No. Quite the opposite. I’ll tell you a secret. Revenue is not really down at all.

In 2005, album sales were 618 million units. In 2006 they dropped to 588 million. A 5% drop. Not 30%. Not even 10%. And this was only in the US, which saw the worst drop off compared to the rest of the world. Extremely negligible numbers and better than other industries like computer and automobiles who in the US have experienced bigger reductions in gross revenue.

Okay. I hear you out there reading this. You’re saying, “But Moses, 5% a year adds up. Doesn’t that mean they’ve lost money and isn’t that a bad thing.” No because that 5% is more than made up for. The Warner Music Group, said in their annual report that recorded music sales for the fiscal year 2006 rose almost 3 percent, to $3 billion, and that digital revenue had more than offset the drop from CD’s.

Let me tell you a few more secrets: what the RIAA doesn’t include in “lost sales.”

— They don’t include CD sales of independent artists, only a decline in sales of titles on major labels. Indie sales make up about as much market share as all of Warner Music Group, which is about 20%. So they are not including album sales equivalent to all of WMG in their calculations of “lost sales.”

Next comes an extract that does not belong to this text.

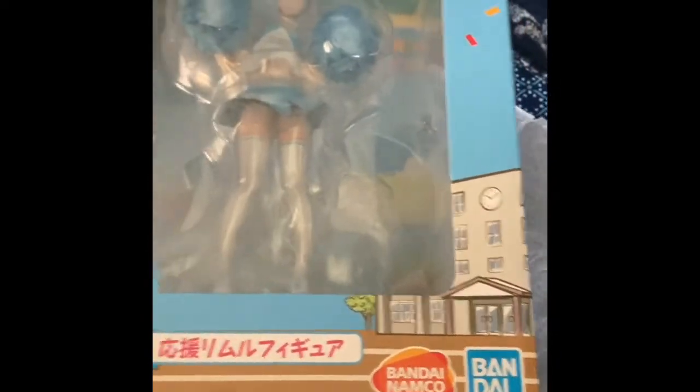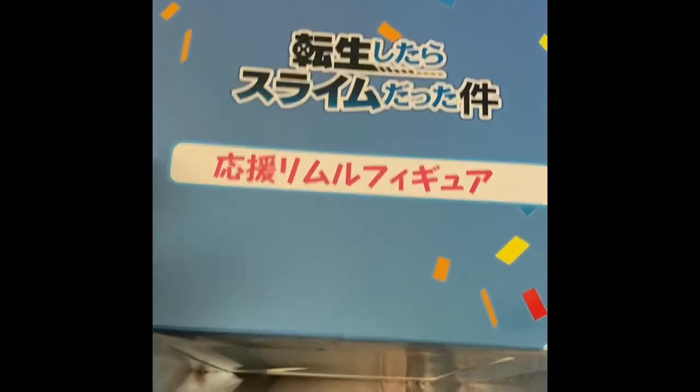This is the version where Rimuru is wearing a cheerleading outfit, from That Time I Got Reincarnated as a Slime. It's a great series.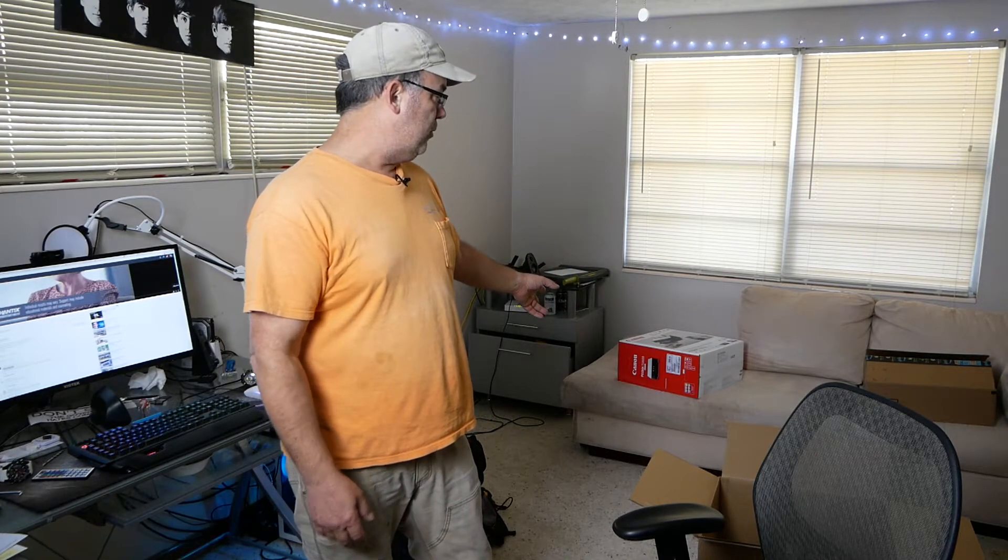I'll talk about this Canon printer a bit more as I get to use it. I haven't had a chance yet — I just unboxed it. I do need to print some stuff right now, but I don't have a whole lot of time because I have to be somewhere at three o'clock this afternoon downtown Jacksonville, so I've got to get out of here.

— They don’t include the approximately two billion legally paid for downloads from iTunes, Yahoo e-Music and many others. These are not CD’s, technically, so they don’t count them in “reduced album sales” even though record companies are getting hundreds of millions in new revenue from these sales each year. Also worth noting is that there has been a 71% increase for these types of sales. (2005: 353 million units, 2006: 582 million units.)

— They don’t include the fact that the licensing fees for getting a hit song in a soundtrack has increased over 1000% since 1995 (climbing from about $80,000 to about $1,000,000) with no additional hard costs to the label.

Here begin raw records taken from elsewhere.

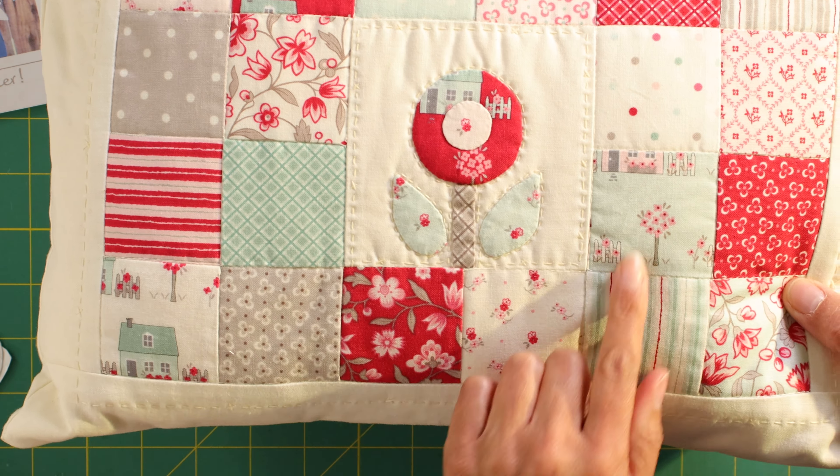I decided to do raw edge appliqué using some Heat and Bond — Steam-a-Seam is another one — it's just a double-sided fusible. The thing to bear in mind with this method is whatever you're doing will come out in reverse, so if you want the reverse, you'd have to flip the image first before you trace it, because we're tracing on the paper side. There's a gluey bumpy side and a papery side — it's a double-sided glue with paper. Don't do this in friction pen because we've all done that mistake — marked something out, taken it to the iron, and it's all gone!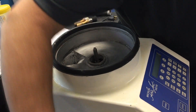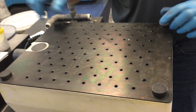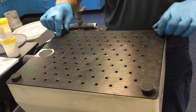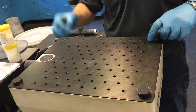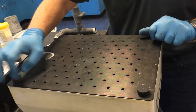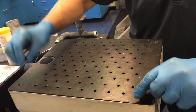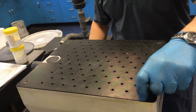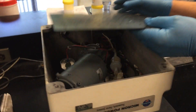Next, we're going to remove the wand, because what's going to happen is we're going to rotate the machine completely upside down, and then we're going to unthread the mounting feet. Once all four mounting feet have been removed, the bottom plate can also be removed and set aside.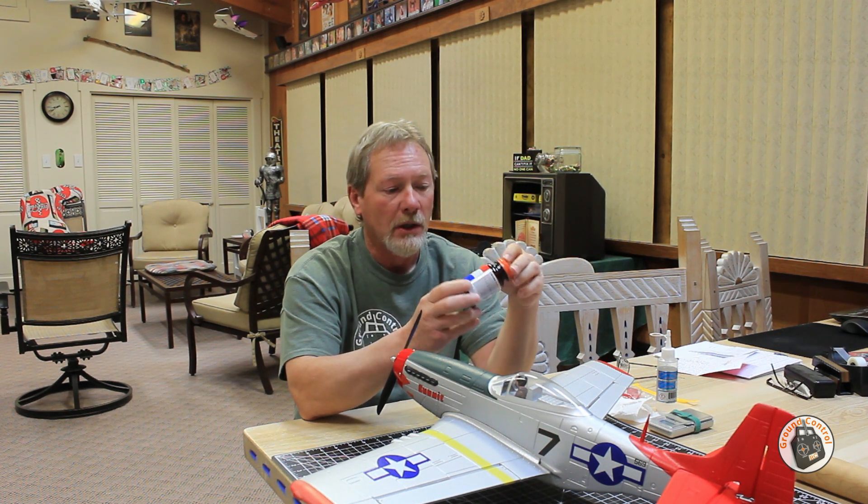That will allow me to take that bolt back out if I need to. This stuff stays flexible and absorbs vibration, and that should prevent these metal bolts from backing back out of the plastic.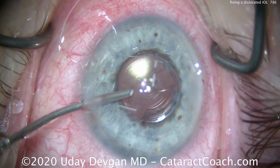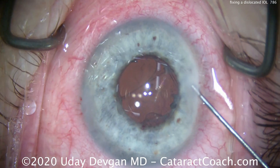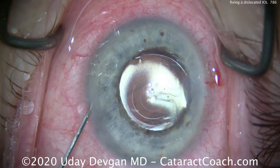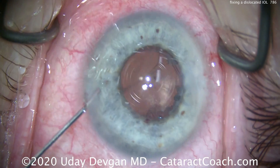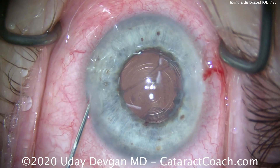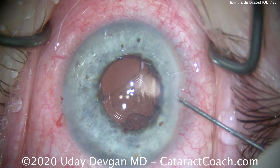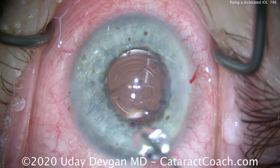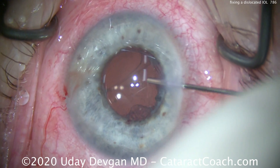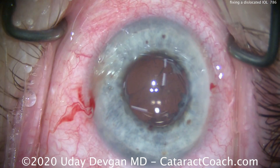What are the options for holding this lens? You can leave it in the sulcus, or try to capture the optic behind the existing capsulorrhexis edge or even a posterior capsular opening. In this case, we're going to leave the lens in the sulcus and get it partially tucked underneath the rhexis edge. There's a little fibrotic material outside the visual axis, but we want to preserve as much support as we can — we can always do a YAG capsulotomy later.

— They ignore the tens on millions of ringtones that have generated about .30 cents each in new revenue (about $90,000,000) for labels in the past three years and due to a new ruling in the copyright office, will increase to about .50 cents for each sale in coming years.

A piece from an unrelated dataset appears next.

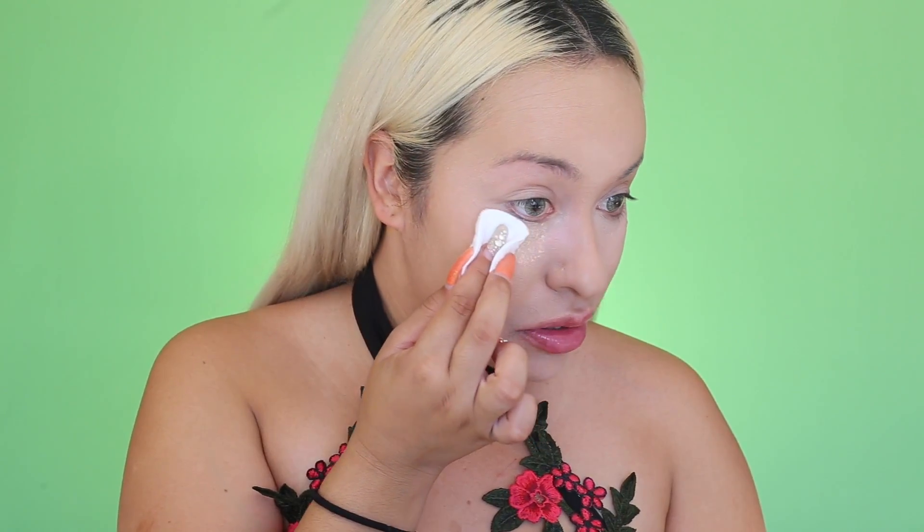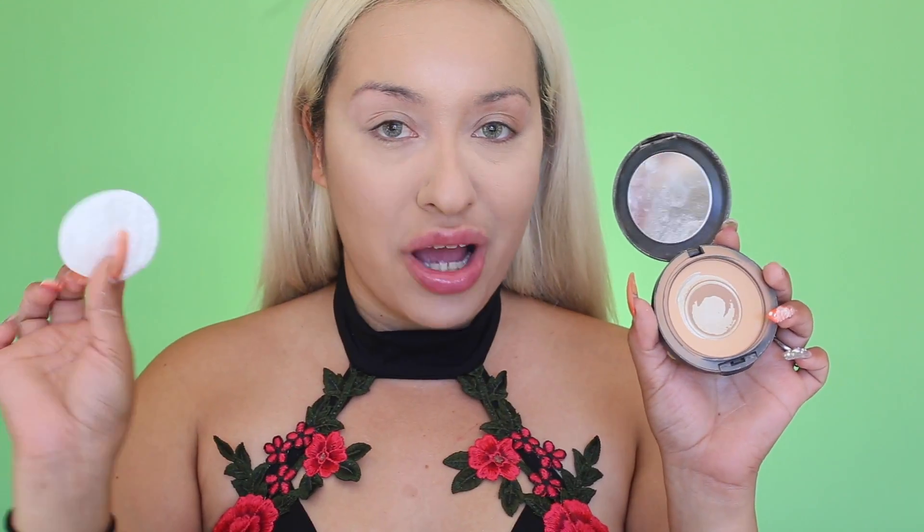So this is what I got with the foundation and the concealer — it doesn't look bad. To powder my face and to bake underneath my eyes, I'm going to be using the cotton rounds. Hopefully this sticks — yes! The baking is done. Now I'm going to go in with my MAC Studio Fix powder in NC30 and I'm going to be applying with another clean one all over the face. These little puffs are making the foundation look great now.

— They are omitting the fact that downloaded music has virtually no manufacturing costs, nor are there any returned or damaged merchandise (with rare exception). So, in essence, record companies make substantially higher profit margins on newer sales.

So, when record executives give interviews that bemoan the pending death of the music business to me they just sound like old school farts, trying to crawl back into some decomposing chrysalis.

Look carefully at their credentials. Most of them were recently fired from their cushy, six-figure A&R jobs. Why? Because, labels are re-tooling for the new millennium; streamlining their staff. You no longer need a team of A&R executives making an average salary of $175,000 a year, with expense accounts for travel to hear a new act. Why bother when you can have three 20 year-olds for $30,000 a piece doing the same job by searching MySpace. Plus, while A&R departments are being trimmed, Human Resources is busy filling seats in the ever expanding Licensing Departments of major labels. Why don’t you read stories about that?

Mass firings on the A&R side does not equal a dying business. It equals a changing business.

We don’t have cobblers anymore either, but we still have a shoe industry.